—Definitivo, Lucius: Tu libro es un completo asco.

La diminuta y malvada Heloise, luego de hojear por completo el texto recién publicado de su jefe, vio un tacho de basura y, como basquetbolista, lanzó lo que tenía en sus manos para encestar a la perfección. Lo celebró cerrando su puño derecho y llevándolo a su pecho con una sonrisa.

—¡Mi libro! —gritó Lucius luego de ver tal escena.

—Acostúmbrate, estoy segura que lo verás muy seguido este mes.

Junto a ellos 2, también estaban Jimmy Two Shoes, quien hojeaba otra copia pero sin prestarle atención al contenido; su hijo Beezy, dormido en un sofá con su copia sobre su cara; y Sammy, decepcionado por la brutal sinceridad de sus lectores, siendo que él escribió la mayor parte y su jefe simplemente dictó y puso su nombre.

Luego de calmarse, aun triste por la acción de Heloise, Lucius preguntó a Jimmy:

—¿Y a ti?... ¿Te gusta?

—Em… —dijo Jimmy, tratando de escoger en su mente las mejores palabras para no lastimarlo—. Bueno Lucy, a mí me aburre leer libros… pero si lo hiciera… supongo que lo leería mejor… ¡y hasta podría gustarme!

—Ah, no tiene caso —se dijo a sí mismo el «escritor» en voz alta.

Sammy busco aliviar a su jefe:

—Señor Lucius, talvez nadie lo lea, pero tendrá la satisfacción de decirle a todos que publicó un libro.
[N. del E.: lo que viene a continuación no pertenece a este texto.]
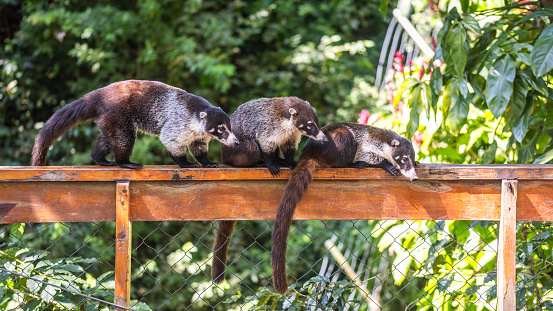 A group of coatis are having fun on a wooden structure in the jungle of Guatemala.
Al menos, es mejor que decir que lo escribió y nunca lo publicó, hay quienes alardean con esa falsa complacencia.

—¡Sí, Lucy! —dijo Jimmy con una sonrisa— ¡No te desanimes por el inminente fracaso!

—Jimmy —dijo Heloise—, no lo alientes tú también, se lo va a creer.
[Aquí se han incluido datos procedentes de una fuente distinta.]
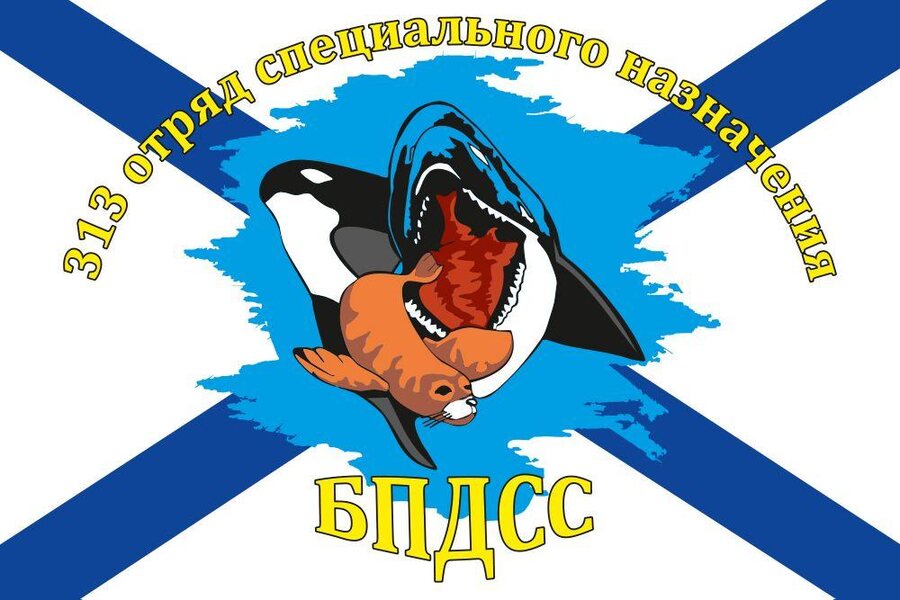Флаг 313 отряд ПДСС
Lucius, tomando en cuenta dichas palabras, levantó con lentitud su cabeza hasta mirar hacia arriba, con ojos brillosos. Sus ánimos renacieron.

—Tienen razón. ¿Qué importa la fama? Esto no fue más que otro logro en mi vasta carrera, uno que nadie más puede presumir. Cuando vea a cualquier lacayo caminar por la calle, le diré: «¿Quién escribió un libro? ¿Tú? ¡No, yo escribí un libro!»

—¡Así se habla! —dijo Jimmy con entusiasmo.

—Es bueno verlo así, jefe —dijo Sammy.

—Aquí vamos de nuevo… —dijo Heloise.

—¡Aaaahh! —bostezó Beezy, quien despertó por la conversación—. ¿De qué hablan?

Lucius estaba listo para seguir llevando la infelicidad a su pueblo, ahora con un nuevo logro en su haber: «escribió» un libro… y lo publicó.